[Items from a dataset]
##########
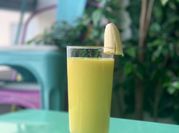 Una foto de hielo de mango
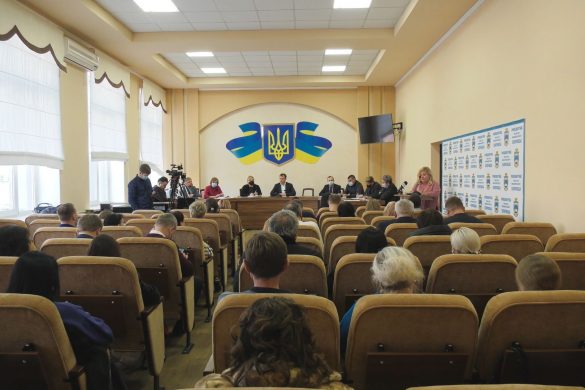 Апаратна нарада у Покровську: робота комунальних служб, закладів освіти та медицини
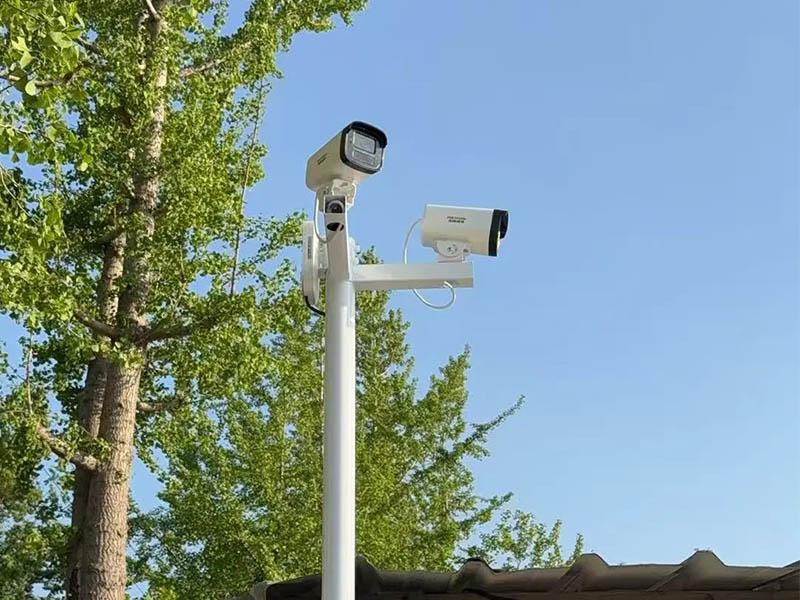 Outdoor camera connector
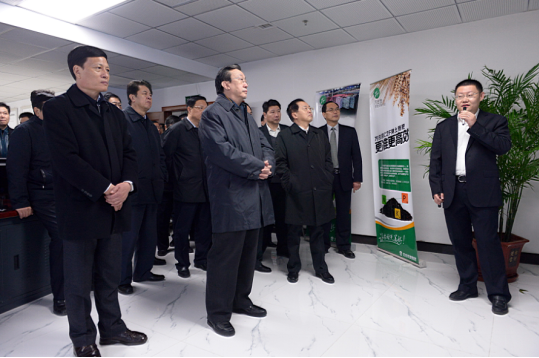 时任河南省省委书记郭庚茂（前排左二）、省长谢伏瞻（前排左一）莅临花蝶直播APP平台集团指导工作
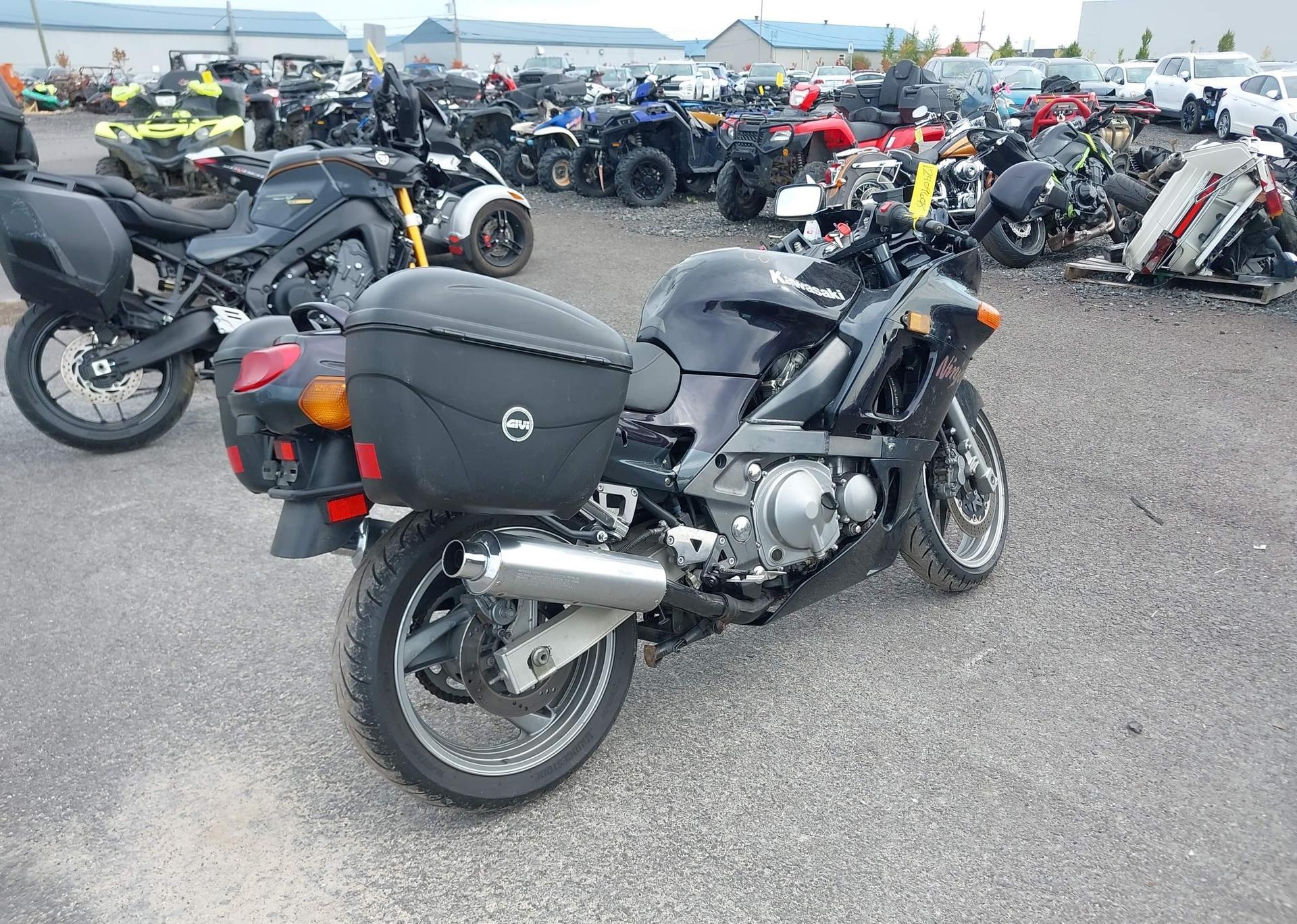 2001 KAWASAKI ZX600 E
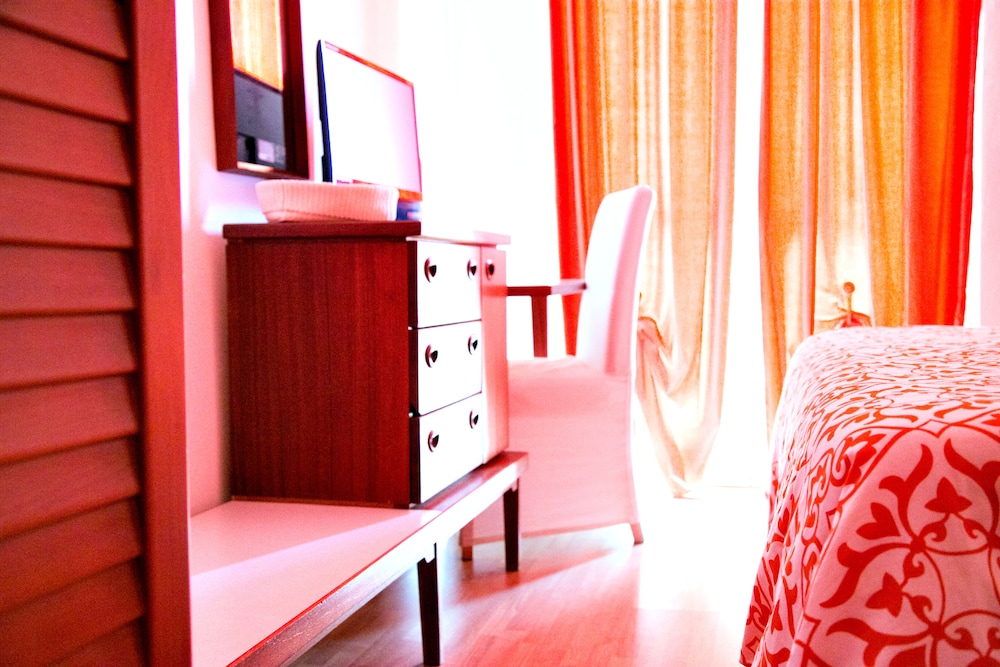 Hotel Kinda 24/50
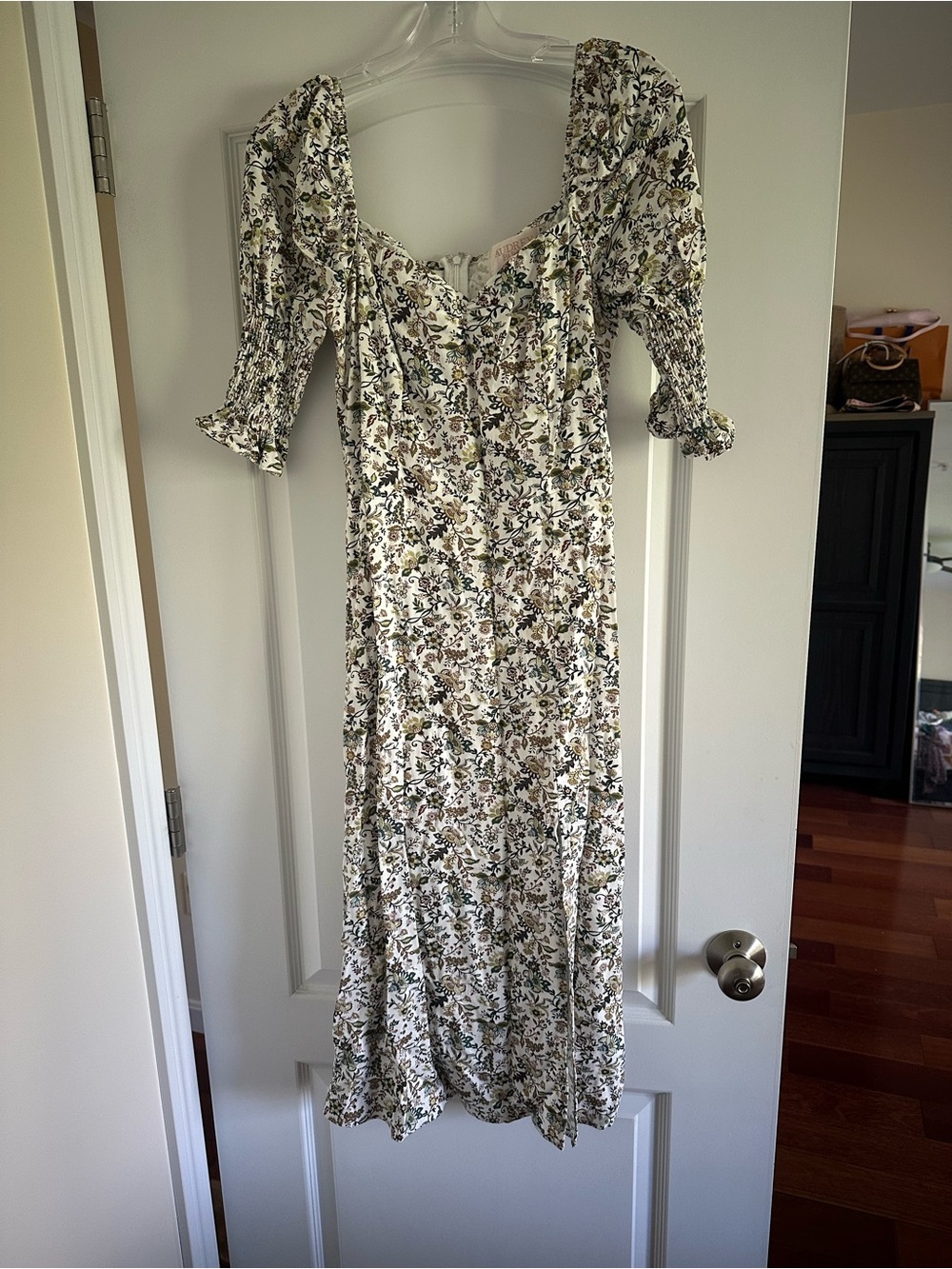 Ivory Floral Puff-Sleeve Midi Dress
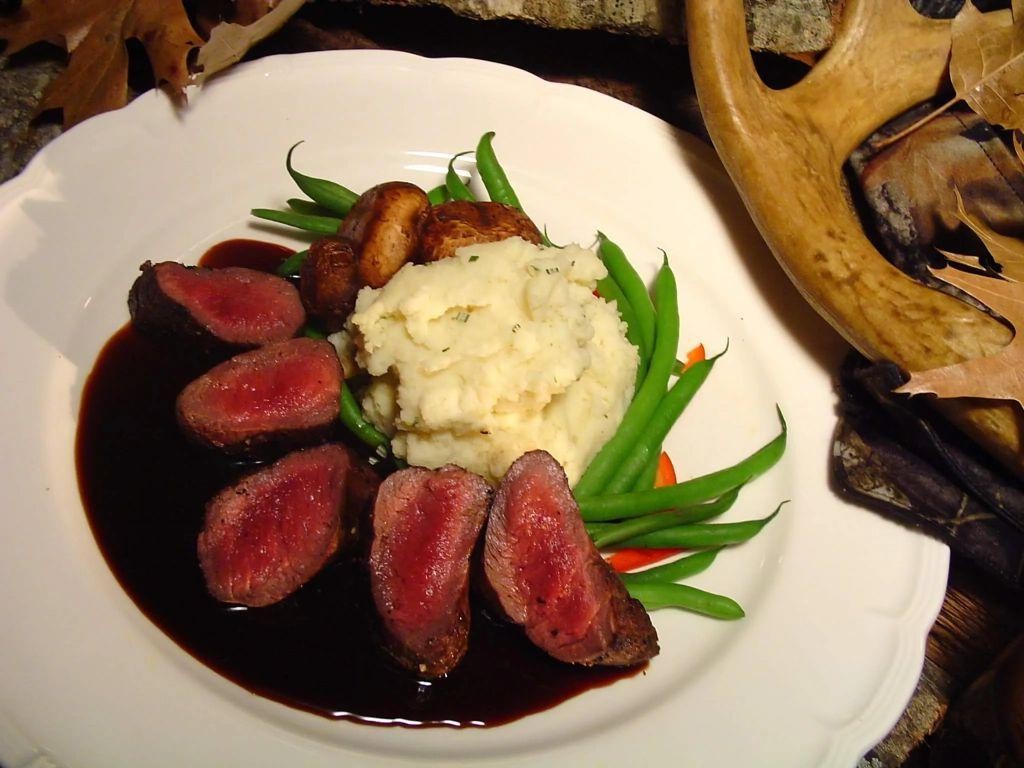 Seared Venison Medallions with Red Wine Reduction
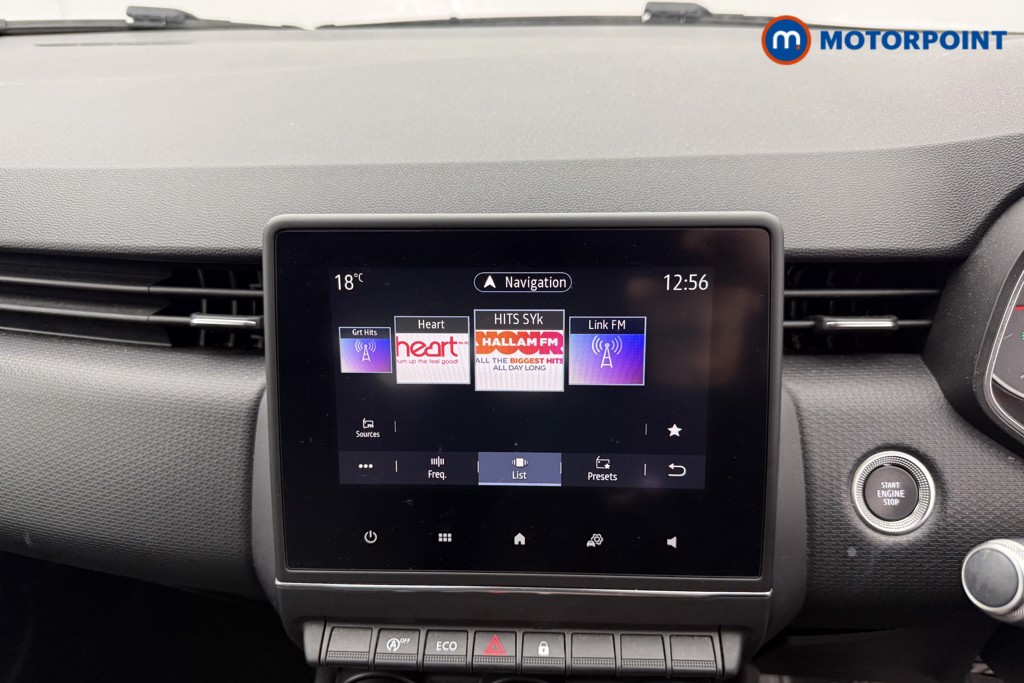 Renault Clio Iconic Manual Petrol Hatchback - Stock Number (1542188) - 6th supplementary image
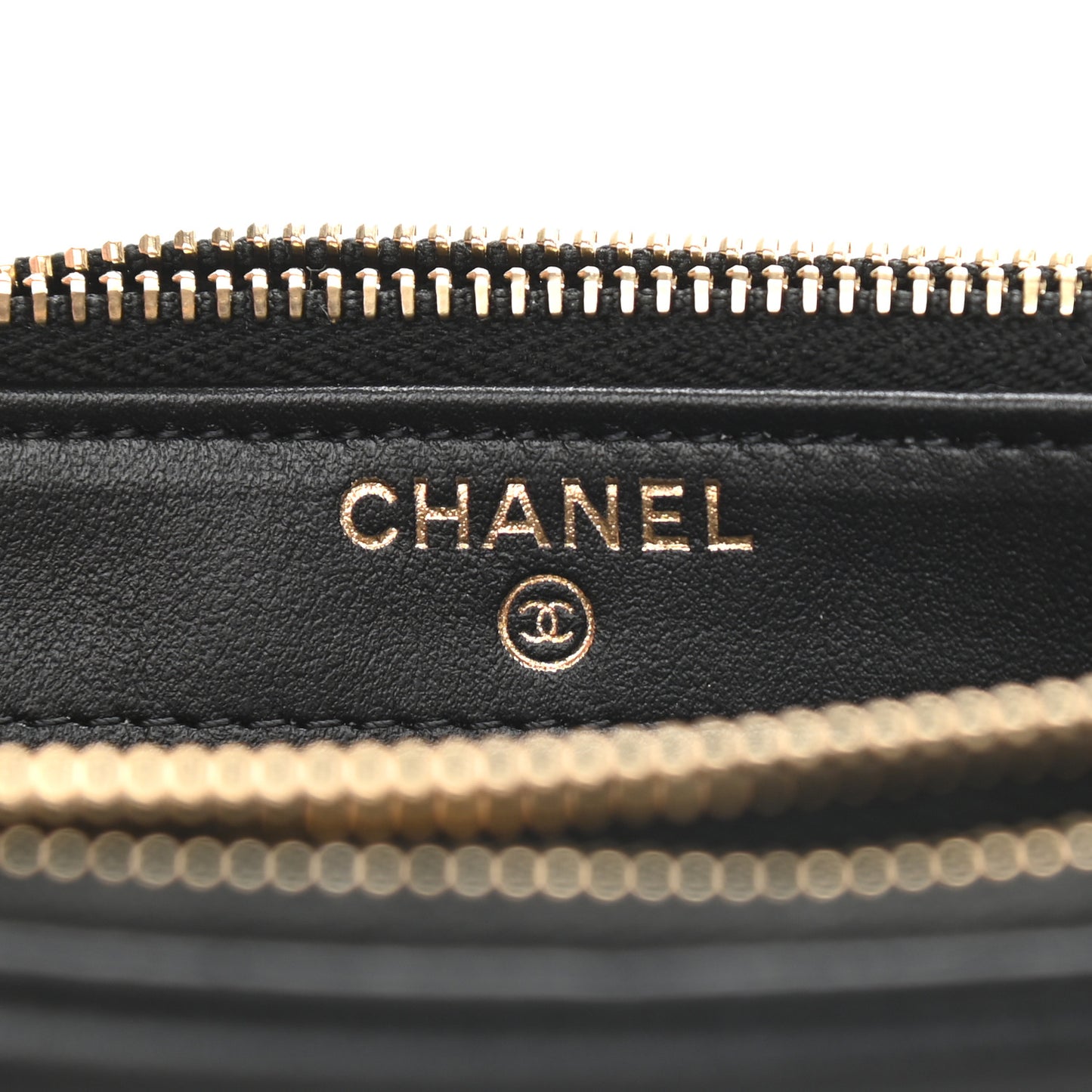 Caviar Quilted CC Filigree Clutch With Chain Beige Black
##########
WHAT THE TASK ASKS: Starting with the line above that holds "2001 KAWASAKI ZX600 E", restate each line word for word up to and including the line that holds "Renault Clio Iconic". Drop the pictures.

RESULT OF THE EXERCISE:
 2001 KAWASAKI ZX600 E
 Hotel Kinda 24/50
 Ivory Floral Puff-Sleeve Midi Dress
 Seared Venison Medallions with Red Wine Reduction
 Renault Clio Iconic Manual Petrol Hatchback - Stock Number (1542188) - 6th supplementary image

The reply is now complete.